A little taste of Egypt in Nottingham

How do they give names to the streets and roads of England? Well, there are lots of methods. Let’s take a quick look at Nottingham.

They are named after famous people (Shakespeare Street). They are named after the people who used to live there (Friargate) and the activities that used to happen there (Fletchergate….fletchers make arrows, or it’s from the word “flesh” which is what butchers sell you). Where the road goes to. (Hucknall Road). Who owned the land (Thackeray’s Lane). What the church is called (St Peter’s Gate). What building is there (Castle Gate). After events that happened in history. (Standard Hill…..where King Charles I first raised his banner and began forming an army at the outset of the English Civil War on August 22nd 1642.)

“Gata” incidentally is an old Viking word for street and will date back to 867AD when Nottingham was captured by the dreaded Northmen.
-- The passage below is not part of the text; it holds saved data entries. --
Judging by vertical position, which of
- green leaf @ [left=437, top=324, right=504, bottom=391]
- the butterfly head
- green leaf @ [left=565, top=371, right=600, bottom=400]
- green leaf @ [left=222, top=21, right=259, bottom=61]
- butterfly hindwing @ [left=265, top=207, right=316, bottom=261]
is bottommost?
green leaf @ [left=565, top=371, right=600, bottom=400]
During the house building boom in the suburbs of Nottingham during the late 19th century and the early 20th century, the builder would often name streets after his own family. Here is an example in West Bridgford. Look for the Orange Arrow, wearing his anti-Covid mask:

The only problem is that we can recognise the first names such as Florence, Mabel and Violet,  but what was their surname? Was it Crosby or Trevelyan? So often they seem to miss this detail out, or  not to make it too obvious which name it is.

Has this builder tried his best to make it obvious by putting all of the first names around the surname “Musters” ?

Exactly the same thing was still going on in the mid-1970s when we moved into suburbia ourselves. The same problem remained, though. What was the surname? Our house was at the end of the Orange Arrow. The fourth one down the hill from the little gap which had an old oak tree in it.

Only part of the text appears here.